My boss recently sent out a company-wide email saying something along the lines of:

...Moving forward, we want to ensure that we omit strategic business information from our communications. So in regards to LinkedIn, we would like everyone to forgo any role explanations and to just state job titles. Please remove any job responsibilities, results, or role strategies from your LinkedIn.

I found this request to be very strange, notably the request to remove "job responsibilities." I have always viewed LinkedIn as a personal tool (that is, out of the control of my employer), and as long as the information posted isn't confidential, like a job description, I would assume it is fair game to post. I find it unfair to ask employees to remove information about their employment from their LinkedIn profiles because it makes it more difficult for employees to express their capabilities.

Is my boss' request unreasonable?

  • 4
    "Unreasonable" depends on the nature of your business and what you are doing there. Sep 2, 2015 at 22:57
  • I look at the companies website and press releases and ensure I'm not stating anything they haven't disclosed themselves
    – MattP
    Sep 3, 2015 at 6:54
  • 3
    You admit that you wouldn't post something confidential "like a job description", but you're willing to post job responsibilities.
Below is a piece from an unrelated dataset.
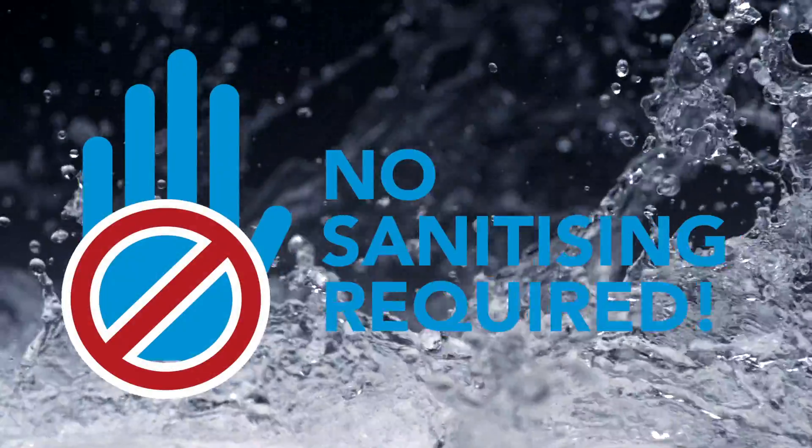Look for the One-Shot exhibition stand. Check out our website at www.one-shot.com.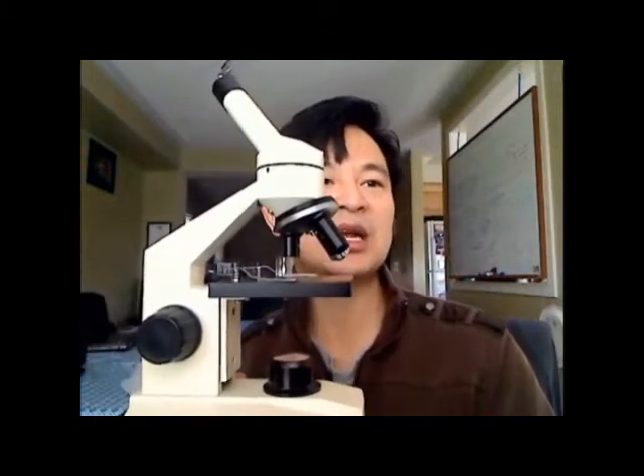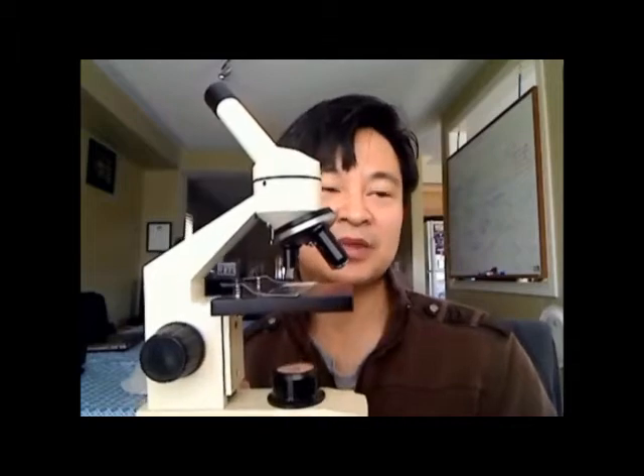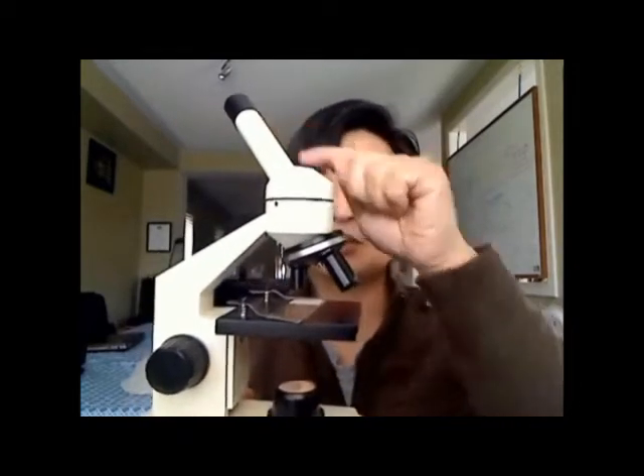There's even a blue filter you can put in there to give contrast to the image as you look under the microscope, and a nice adjustment knob as well. A good quality microscope runs around 80 to 90 bucks — you want a 400-times magnification. Of course, if you have the money you might want to go for the 1,000-times, but we'll stick with this type.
Where exactly is the differentiating line between job description and job responsibilities?
    – Brandin
    Sep 3, 2015 at 9:50
  • @MattP or look at the Boss' Likedin profile to get an idea of what would be acceptable. Sep 4, 2015 at 19:36
  • My pages on linkedin are more or less an exact rip of the responsibilities / duties section of the job posting / advertisement they put out in public on their own. That's information that they themselves made public :P
    – schizoid04
    Oct 7, 2017 at 18:54

8 Answers 8


Many of the reporters I follow on Twitter are very good at figuring out the secret plans of large tech companies by seeing what their employees describe as their duties on LinkedIn. Really. (They also do quite well perusing the Experience Required sections of those companies job ads.) If you say you're building a distributed whotsit system with integrated drone capabilities, basically you just publicly announced your company's planned distributed whotsit system with integrated drone capabilities. If you just say you're programming in C# drawing on your strong whotsit background, and you've joined LinkedIn groups about distributed systems design and drone APIs, you've also made the same announcement.
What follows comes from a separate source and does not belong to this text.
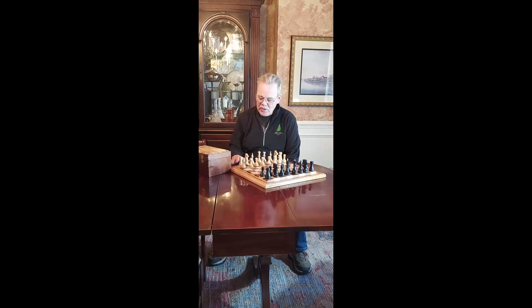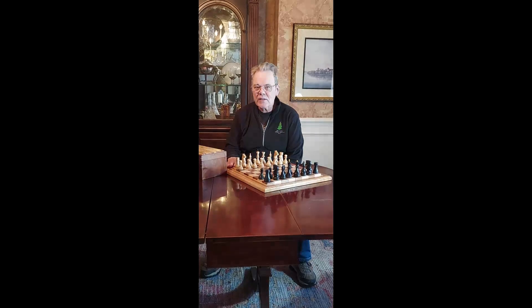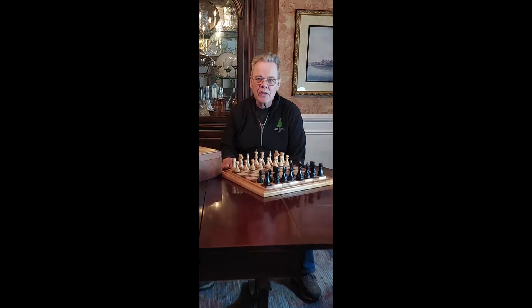Hi y'all. I just finished turning my third chess set. It's a fun project — well within the range of a beginner and it's a great skill builder.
Some managers ask you to think before you show off on LinkedIn, and some give you simple blanket rules like "don't explain the details of your role." Right in the part you quote they say they're worried about strategic business information. (Of course, if you're not working on anything you consider strategic, or important to the company, then that's a shame, and perhaps your manager is just a puffed-up self-important rulesbody who wants to keep you from getting the attention you deserve. In that case you know what to do.)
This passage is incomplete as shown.